(Crawled caption data)
++++++++++

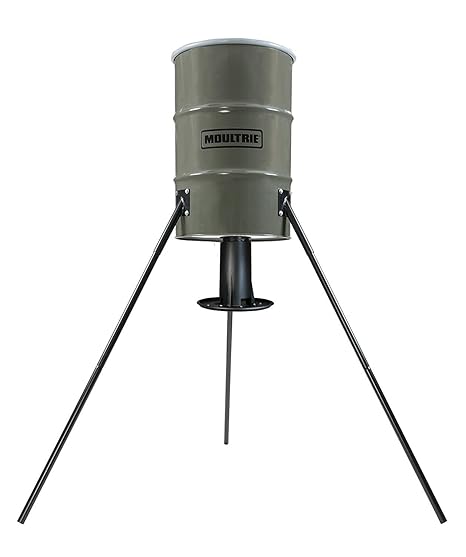 Moultrie 55 Gallon Dinner Plate Deer Feeder Amazon Co Uk Sports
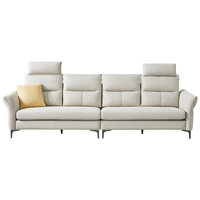 QuanU 全友  102679C 科技布沙发 左2+右2+头枕*2 浅米灰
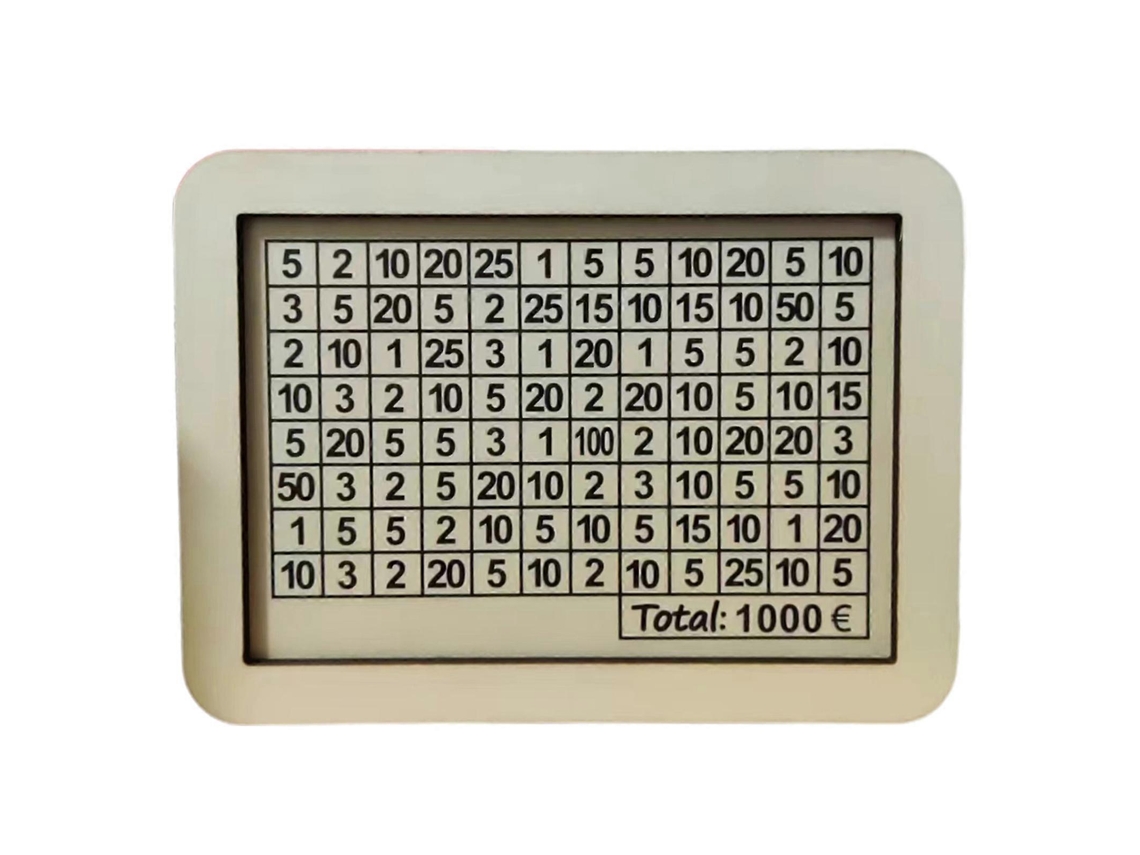Cofrinho De Madeira Com Calculadora 500/1000/2000/3000/5000/10000 Euros, Porta Moedas, Ideal Para Crianças E Adultos, Perfeito Gua Aquaforge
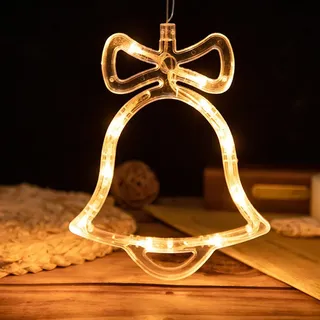 Led Fensterlicht Saugnapf, Hängende Fenster Lichterkette Innen, Fensterdeko hängend Batteriebetrieben, Weihnachtsbeleuchtung für Weihnachtsbaum ... - Weiß
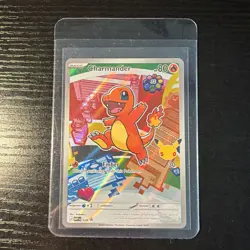 First Partner Illustration Charmander Promo Full Art Holo 038 Pokemon TCG - Image 3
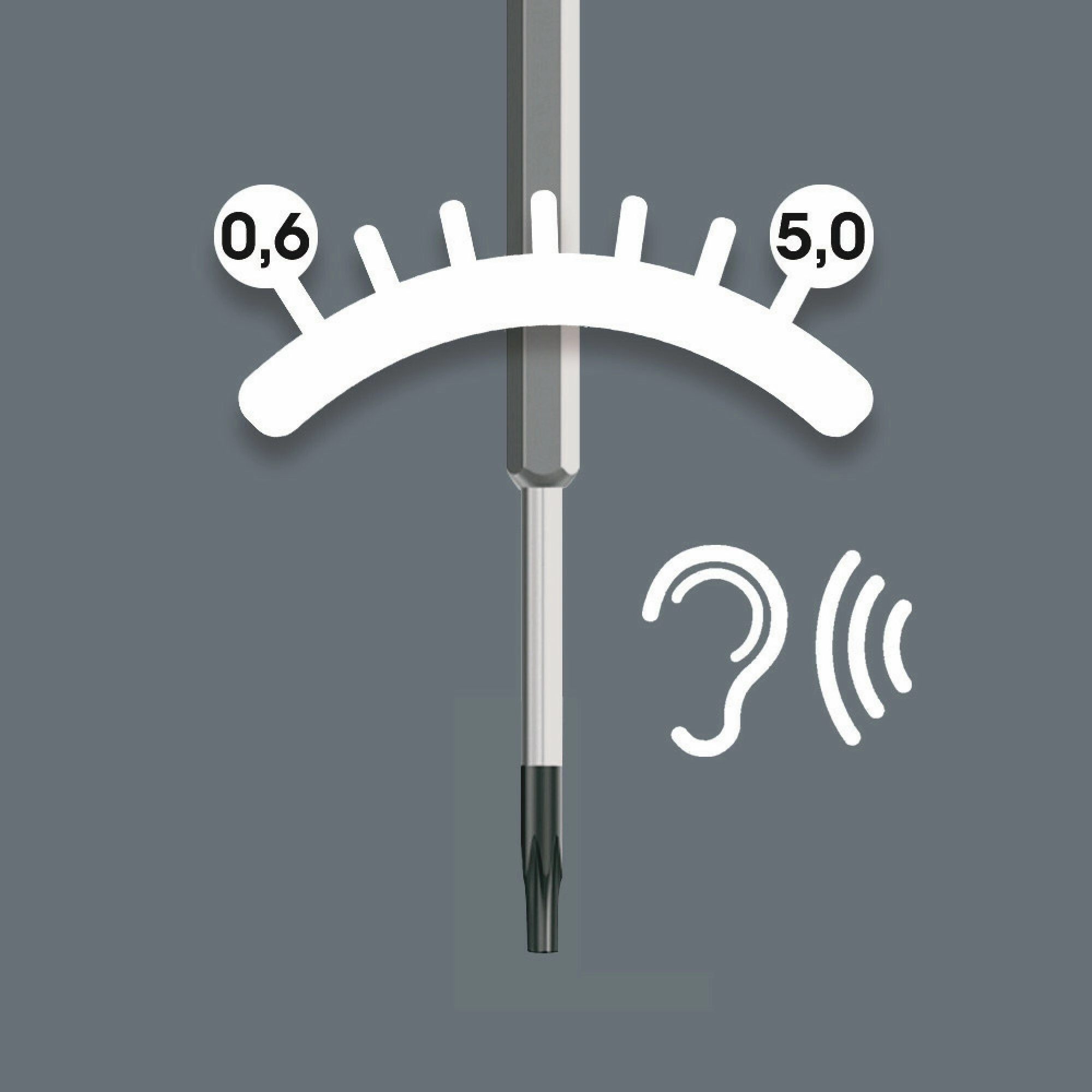 Wera 300 TX TORX Torque-indicator, TX 7 x 0.9 Nm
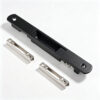 Rounded-End Recessed Touch Lock with Status Window and Hook Latch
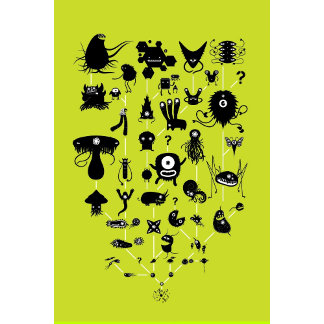 Spore Creature Silhouettes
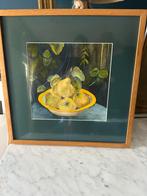 Schilderij met citroenen, Ophalen of Verzenden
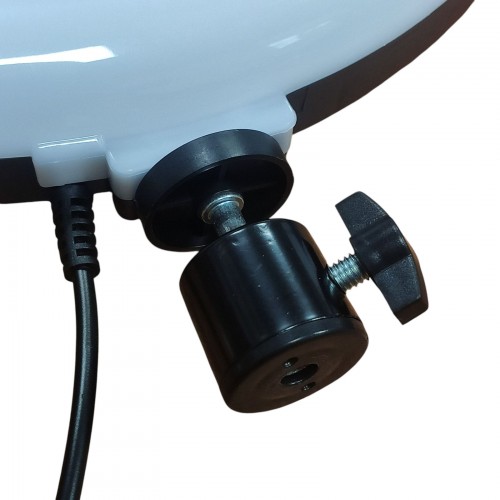 Кольцевая Led лампа 26 см LJJ-26 с держателем для телефона 3 режима + RGB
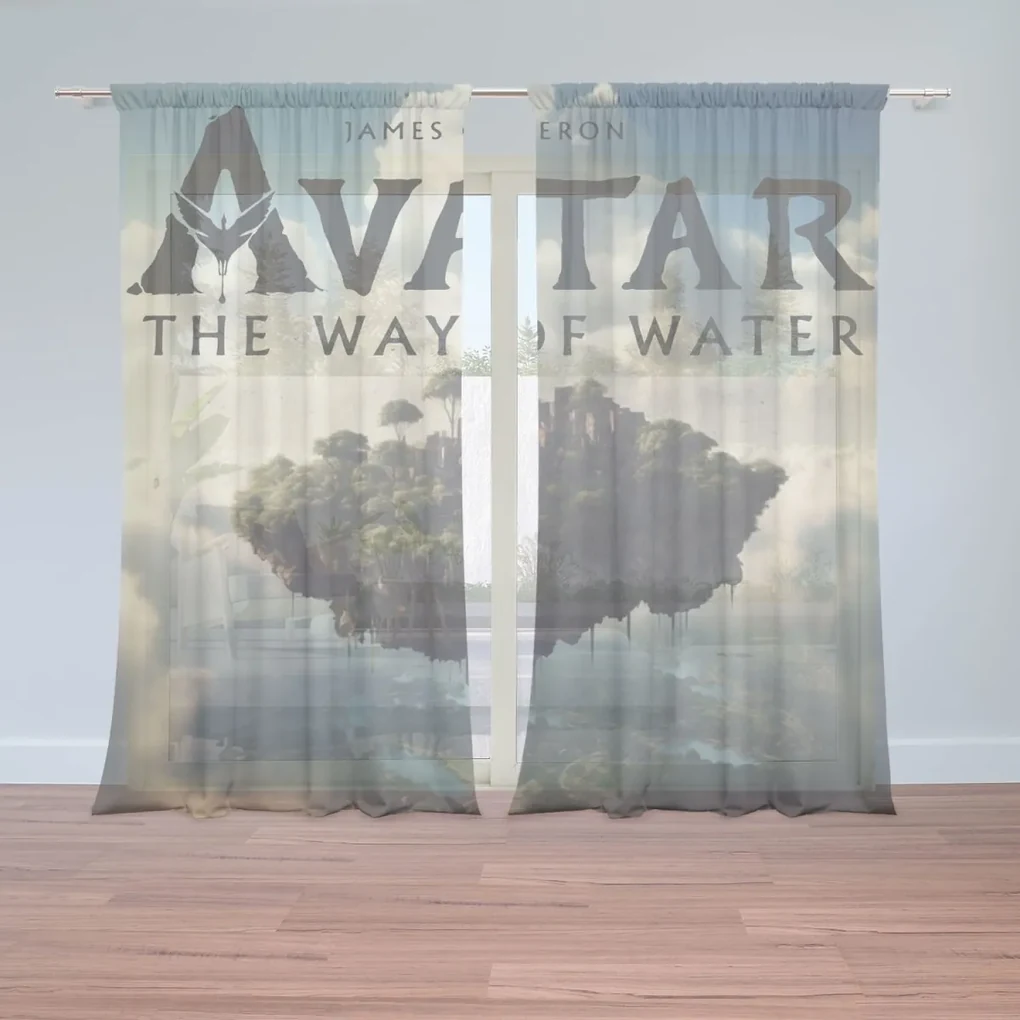 Sablio Záclony Avatar The Way of Water Lietajúce mesto: 2ks 150x250cm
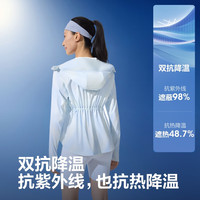  BOSIDENG/波司登 时尚百搭 女士防晒衣  浅蓝印花9550-浅春色 S 160/84A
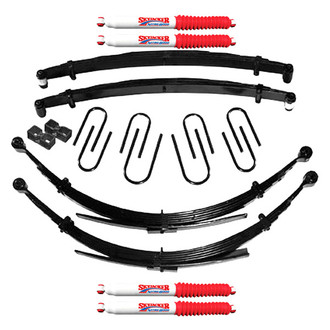 Skyjacker® - 8" x 7"-7.5" Softride™ Front and Rear Suspension Lift Kit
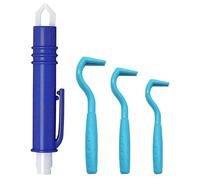 WOLMIK Tick Remover Set - 4 PCS Tick Remover Tool Set, Professional Tick Remover Kit with 1 Tick Removal Tweezers Pen & 3 Tick Hooks, Painlessly Tick Remover for Dogs Cats Horses and Other Human Pets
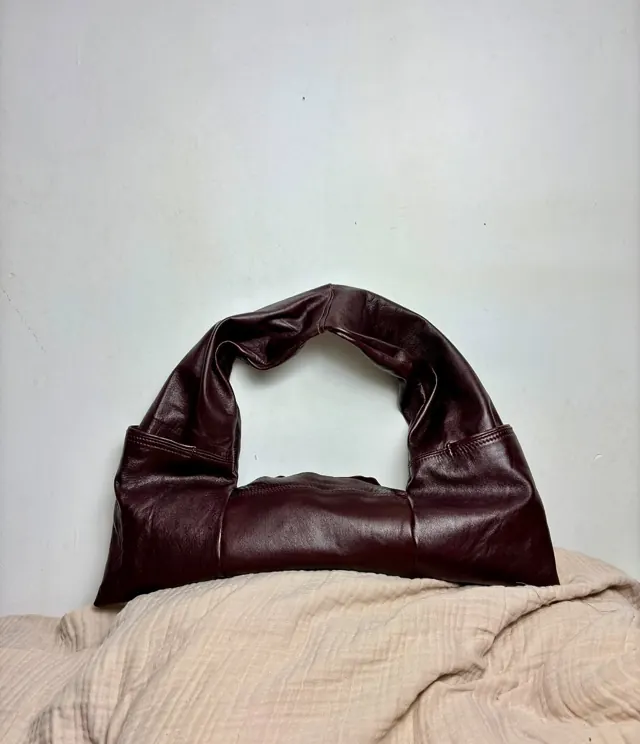 Dark burgundy Ordinary bag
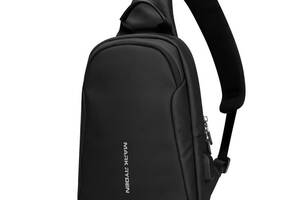 Рюкзак с одной лямкой Mark Ryden MR7191 30 х 20 х 10 см Черный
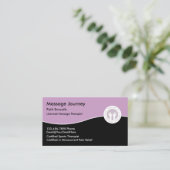 Vergunninghoudende massagetherapeut visitekaartje (Staand voorkant)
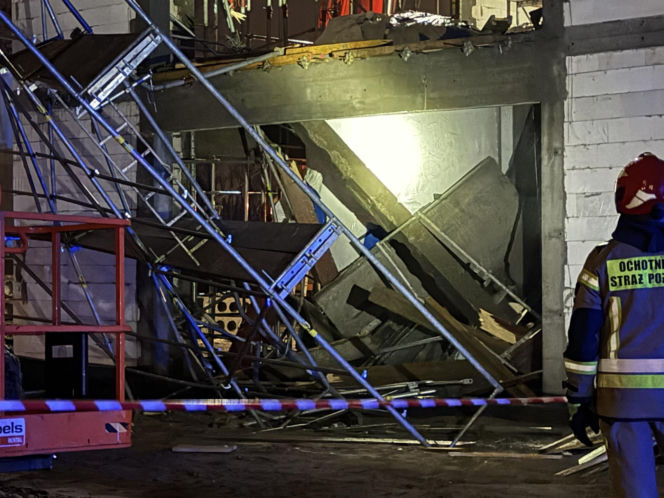 Zawalił się strop stacji uzdatniania wody! Trzy osoby poszkodowane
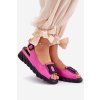 Kožené dámské sandály na platformě s ozdobou Artiker 56C1571 fuchsie (Veľkosť 40)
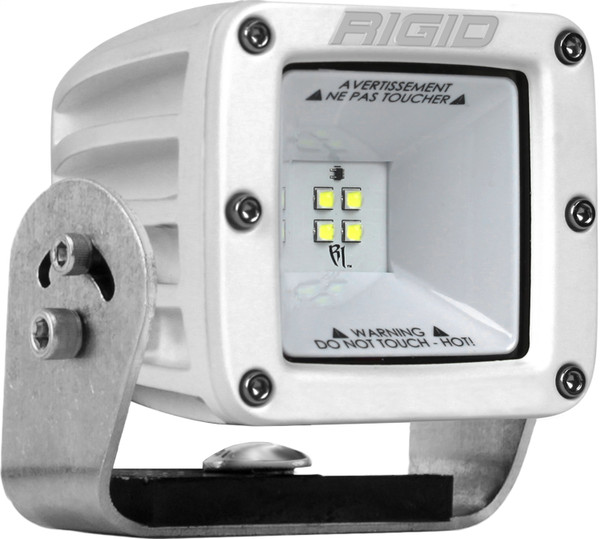RIGID 2X2 115 Degree DC LED Scene Light, Surface Mount, White Housing, Single-681613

++++++++++

## [ACTIVITY]
The preceding entries are to be returned verbatim, with every picture excluded.

## [WRITTEN SOLUTION]
 Moultrie 55 Gallon Dinner Plate Deer Feeder Amazon Co Uk Sports
 QuanU 全友  102679C 科技布沙发 左2+右2+头枕*2 浅米灰
Cofrinho De Madeira Com Calculadora 500/1000/2000/3000/5000/10000 Euros, Porta Moedas, Ideal Para Crianças E Adultos, Perfeito Gua Aquaforge
 Led Fensterlicht Saugnapf, Hängende Fenster Lichterkette Innen, Fensterdeko hängend Batteriebetrieben, Weihnachtsbeleuchtung für Weihnachtsbaum ... - Weiß
 First Partner Illustration Charmander Promo Full Art Holo 038 Pokemon TCG - Image 3
 Wera 300 TX TORX Torque-indicator, TX 7 x 0.9 Nm
 Rounded-End Recessed Touch Lock with Status Window and Hook Latch
 Spore Creature Silhouettes
 Schilderij met citroenen, Ophalen of Verzenden
 Кольцевая Led лампа 26 см LJJ-26 с держателем для телефона 3 режима + RGB
 Sablio Záclony Avatar The Way of Water Lietajúce mesto: 2ks 150x250cm
  BOSIDENG/波司登 时尚百搭 女士防晒衣  浅蓝印花9550-浅春色 S 160/84A
 Skyjacker® - 8" x 7"-7.5" Softride™ Front and Rear Suspension Lift Kit
 WOLMIK Tick Remover Set - 4 PCS Tick Remover Tool Set, Professional Tick Remover Kit with 1 Tick Removal Tweezers Pen & 3 Tick Hooks, Painlessly Tick Remover for Dogs Cats Horses and Other Human Pets
 Dark burgundy Ordinary bag
 Рюкзак с одной лямкой Mark Ryden MR7191 30 х 20 х 10 см Черный
 Vergunninghoudende massagetherapeut visitekaartje (Staand voorkant)
 Zawalił się strop stacji uzdatniania wody! Trzy osoby poszkodowane
 Kožené dámské sandály na platformě s ozdobou Artiker 56C1571 fuchsie (Veľkosť 40)
RIGID 2X2 115 Degree DC LED Scene Light, Surface Mount, White Housing, Single-681613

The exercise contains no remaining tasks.